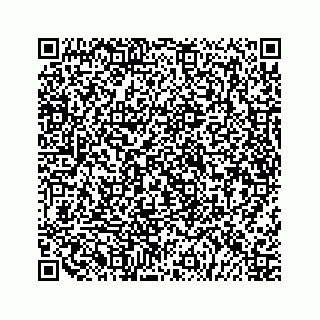 vCard 79519768381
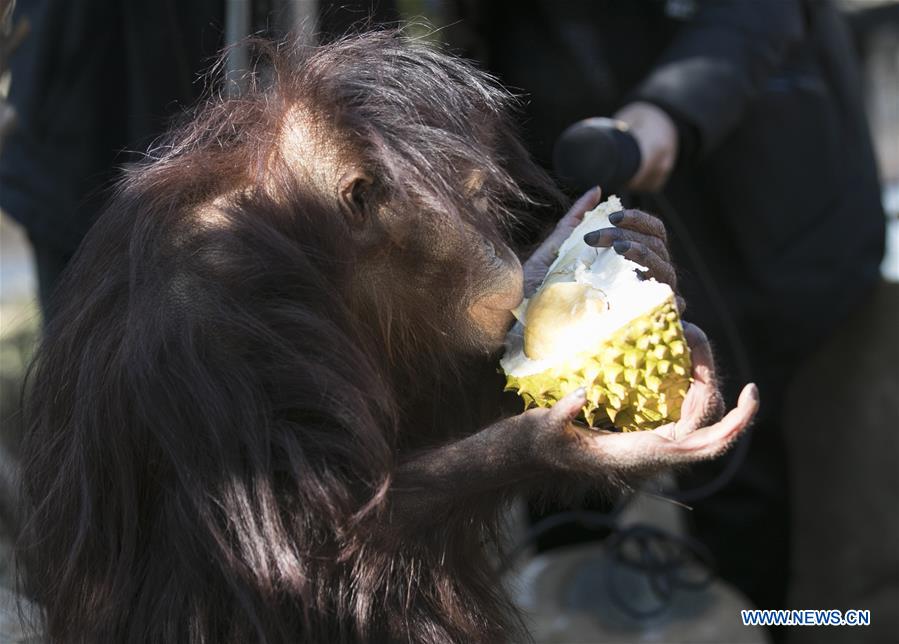 CHINA-YUNNAN-KUNMING-ANIMALS-TROPICAL FRUITS (CN)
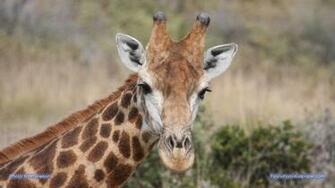 Giraffe Wallpaper HD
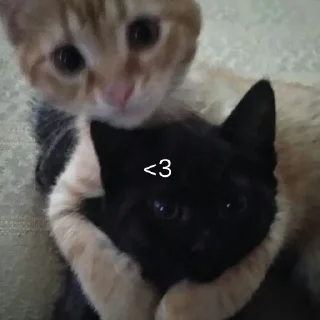 ❤️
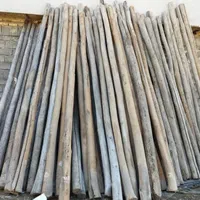 خریدار چوب سقفی|خدمات باغبانی و درختکاری|نیشابور, شهید بهشتی|دیوار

=== About this exercise ===
Your task is to repeat the records exactly. Images do not belong in the copy.

=== Answer section ===
 vCard 79519768381
 CHINA-YUNNAN-KUNMING-ANIMALS-TROPICAL FRUITS (CN)
 Giraffe Wallpaper HD
 ❤️
 خریدار چوب سقفی|خدمات باغبانی و درختکاری|نیشابور, شهید بهشتی|دیوار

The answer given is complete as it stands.